[Short text fragments from websites]
Segment Open

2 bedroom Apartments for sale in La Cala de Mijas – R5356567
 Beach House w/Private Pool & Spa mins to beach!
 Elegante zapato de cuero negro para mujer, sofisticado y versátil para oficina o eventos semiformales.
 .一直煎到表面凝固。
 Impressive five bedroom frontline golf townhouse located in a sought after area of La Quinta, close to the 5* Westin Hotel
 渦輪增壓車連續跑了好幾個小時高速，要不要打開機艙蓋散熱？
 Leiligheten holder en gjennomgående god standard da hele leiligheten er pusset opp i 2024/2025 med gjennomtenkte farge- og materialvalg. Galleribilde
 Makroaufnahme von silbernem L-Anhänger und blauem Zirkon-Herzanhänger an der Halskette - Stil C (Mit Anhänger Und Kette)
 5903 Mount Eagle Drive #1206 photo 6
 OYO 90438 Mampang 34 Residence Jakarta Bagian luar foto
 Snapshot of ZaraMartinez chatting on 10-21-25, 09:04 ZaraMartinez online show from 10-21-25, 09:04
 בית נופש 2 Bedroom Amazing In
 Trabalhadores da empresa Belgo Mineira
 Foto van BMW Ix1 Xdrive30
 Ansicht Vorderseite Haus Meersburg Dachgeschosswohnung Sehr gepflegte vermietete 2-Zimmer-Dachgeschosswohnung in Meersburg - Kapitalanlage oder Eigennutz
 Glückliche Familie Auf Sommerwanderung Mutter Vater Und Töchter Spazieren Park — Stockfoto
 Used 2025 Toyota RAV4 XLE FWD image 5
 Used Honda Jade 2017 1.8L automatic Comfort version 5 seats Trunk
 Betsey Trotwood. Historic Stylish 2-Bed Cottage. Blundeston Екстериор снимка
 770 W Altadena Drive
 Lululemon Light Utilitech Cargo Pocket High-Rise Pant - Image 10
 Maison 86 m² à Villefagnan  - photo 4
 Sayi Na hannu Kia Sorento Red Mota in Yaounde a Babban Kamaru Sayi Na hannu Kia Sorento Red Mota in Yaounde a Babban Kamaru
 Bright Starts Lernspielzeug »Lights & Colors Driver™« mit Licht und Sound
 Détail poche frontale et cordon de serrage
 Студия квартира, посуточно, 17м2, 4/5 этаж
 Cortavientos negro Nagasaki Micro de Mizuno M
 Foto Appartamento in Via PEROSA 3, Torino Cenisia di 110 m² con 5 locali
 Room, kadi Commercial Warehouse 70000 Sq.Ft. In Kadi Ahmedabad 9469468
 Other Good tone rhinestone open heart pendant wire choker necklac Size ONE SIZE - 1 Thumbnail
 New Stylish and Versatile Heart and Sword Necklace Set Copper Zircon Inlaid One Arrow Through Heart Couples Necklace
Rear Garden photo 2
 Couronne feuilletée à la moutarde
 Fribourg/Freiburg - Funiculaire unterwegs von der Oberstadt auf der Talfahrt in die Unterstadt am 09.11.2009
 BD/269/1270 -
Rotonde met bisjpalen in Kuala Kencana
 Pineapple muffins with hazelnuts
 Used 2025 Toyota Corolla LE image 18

Segment Closed

- THE PROBLEM
Between the first line of the entries above and the line with "Leiligheten holder en", both included, copy every line exactly and nothing outside that range.

- RESULT OF THIS EXERCISE
2 bedroom Apartments for sale in La Cala de Mijas – R5356567
 Beach House w/Private Pool & Spa mins to beach!
 Elegante zapato de cuero negro para mujer, sofisticado y versátil para oficina o eventos semiformales.
 .一直煎到表面凝固。
 Impressive five bedroom frontline golf townhouse located in a sought after area of La Quinta, close to the 5* Westin Hotel
 渦輪增壓車連續跑了好幾個小時高速，要不要打開機艙蓋散熱？
 Leiligheten holder en gjennomgående god standard da hele leiligheten er pusset opp i 2024/2025 med gjennomtenkte farge- og materialvalg. Galleribilde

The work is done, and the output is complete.